How far can one go in detective fiction?

drlust

Experienced
Joined
Oct 31, 2003
Posts
54
Hi everyone:

I'm working on a detective novel in which the killer's tragic flaw is that after killing she needs to talk about it to someone. So, where does she do this talking--in adult chat rooms that she frequents. What I'm seeking advice about is how far one can go with erotic description and still get published by a mainstream publishing house. At the moment, I think my descriptions of erotic moments in the novel -- she has sex with her victims before killing them -- are too explicit. I've toned them down once already from their original form--more like what one would read on this site, but I don't want to go to far in that direction if I can help it, because I think it is the eroticism that helps give the novel its bite.

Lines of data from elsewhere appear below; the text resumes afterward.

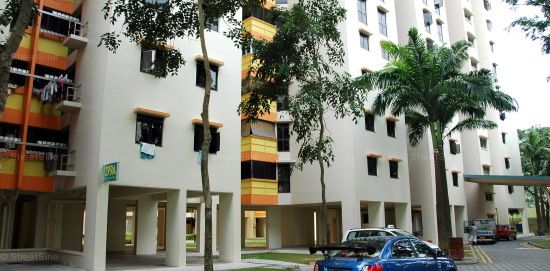 Blk 299A Compassvale Green (Sengkang), HDB 5 Rooms - For Rent - Photo 2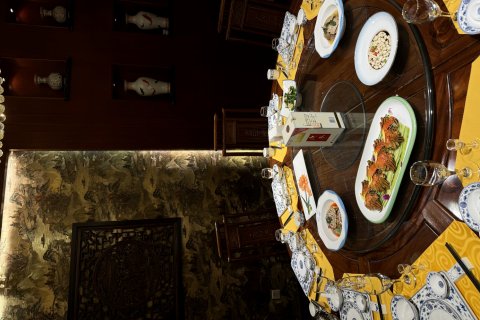 遵化阳光依水贵宾楼酒店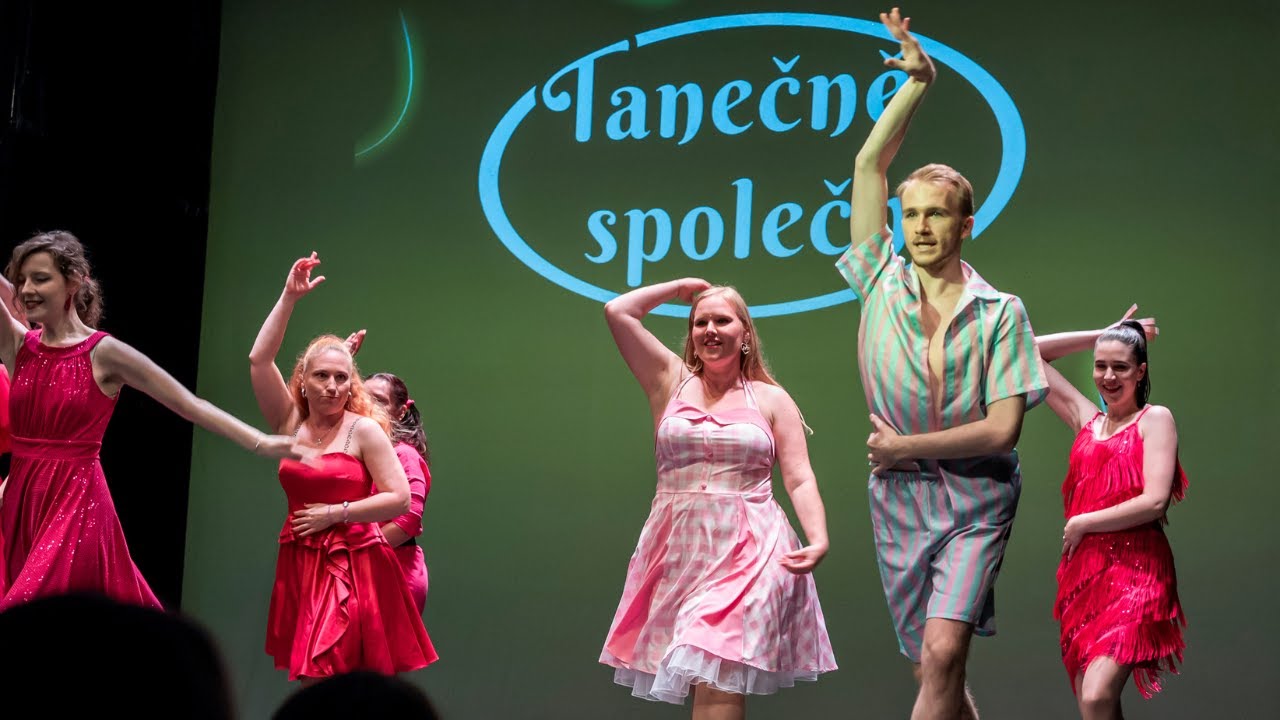 6. Páteční latina – Hi, Barbie (lektor Michal Mejvald)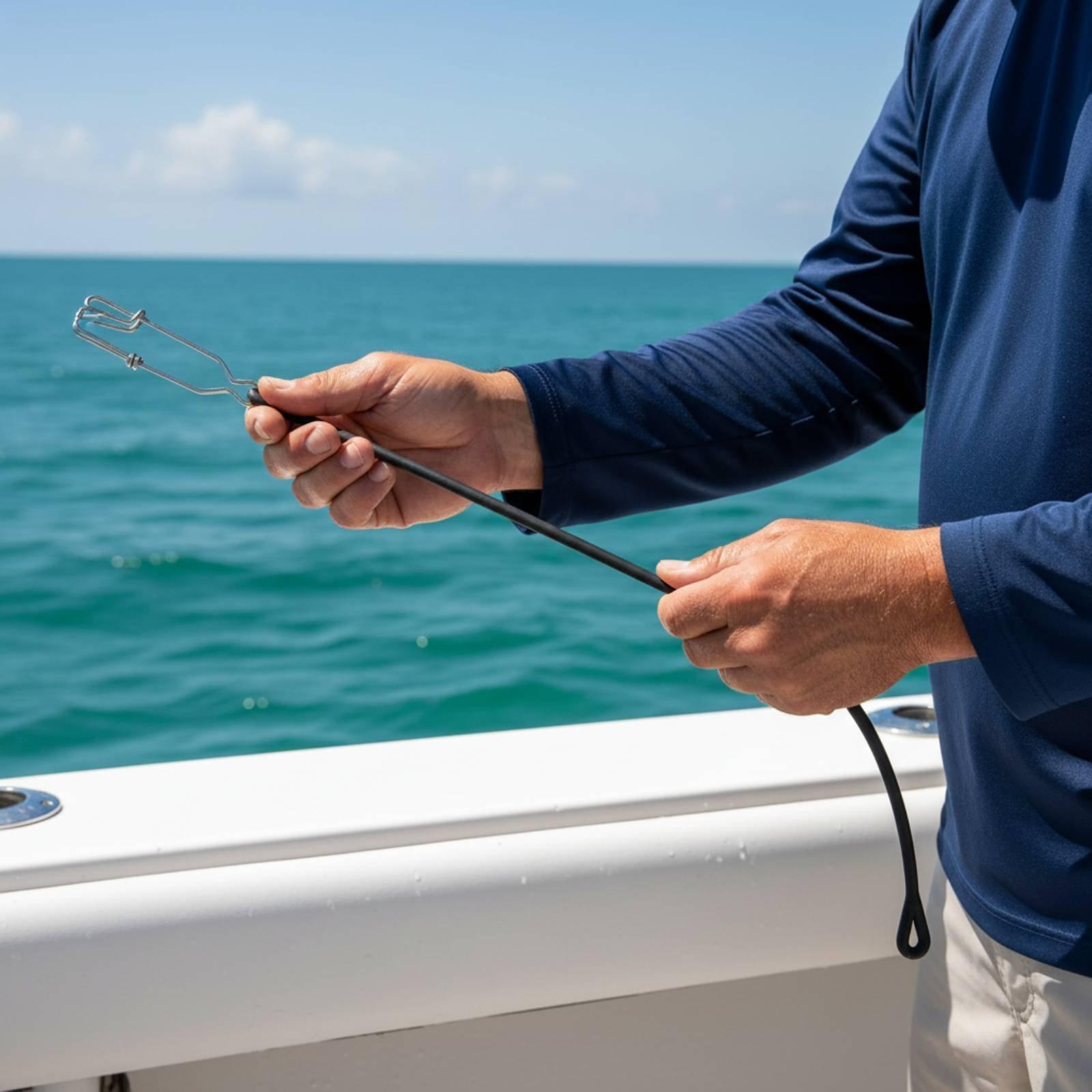 Fishing Equipment Usa - Équipement de pêche résistant à l'eau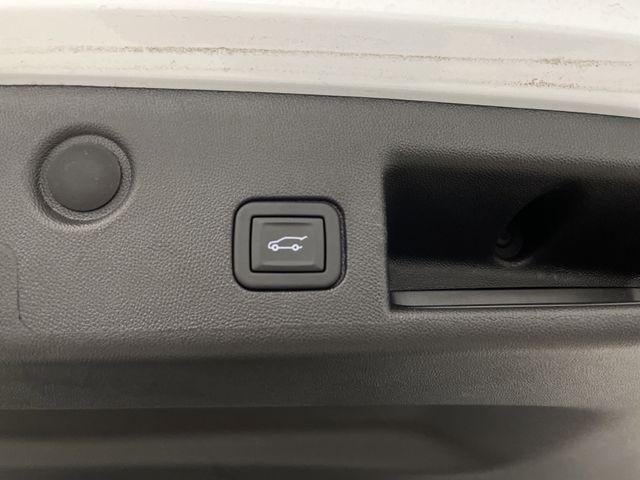 used 2024 Chevrolet Equinox car, priced at $28,643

Any advice about this would be greatly appreciated!

Allan, aka the sexblogger formerly known as Dr. Lust
 
She should definitely talk in some detail how she sucked the victim's fingers.
 
drlust said:
Hi everyone:

I'm working on a detective novel in which the killer's tragic flaw is that after killing she needs to talk about it to someone. So, where does she do this talking--in adult chat rooms that she frequents. What I'm seeking advice about is how far one can go with erotic description and still get published by a mainstream publishing house. At the moment, I think my descriptions of erotic moments in the novel -- she has sex with her victims before killing them -- are too explicit. I've toned them down once already from their original form--more like what one would read on this site, but I don't want to go to far in that direction if I can help it, because I think it is the eroticism that helps give the novel its bite.

Any advice about this would be greatly appreciated!

Allan, aka the sexblogger formerly known as Dr. Lust

The someone she needs to talk to is the investigating officer of the murders she has commited. This works quite well, or has in many similar stories. Just a thought.

As Always
I Am the
Dirt Man
 
drlust

Your question concerns the degree of erotic content for mainstream publishing.

If you are sufficiently advanced with the novel, search for a literary agent with a record for dealing with erotic fiction, push a synopsis out to them seeking guidance making it clear that you want to be published but need advice on the erotic content.

An alternative would be to describe the eroticism second hand, talking about to another party, I am thinking here of a lover or very close friend, it distances the reader from the action and requires a diffent structure that may convey the erotic content without necessarily the graphic detail. The introduction of a lover or close friend could add another dimensional tension to the story.

Just some thoughts.

Will's
 
drlust said:
What I'm seeking advice about is how far one can go with erotic description and still get published by a mainstream publishing house. At the moment, I think my descriptions of erotic moments in the novel -- she has sex with her victims before killing them -- are too explicit.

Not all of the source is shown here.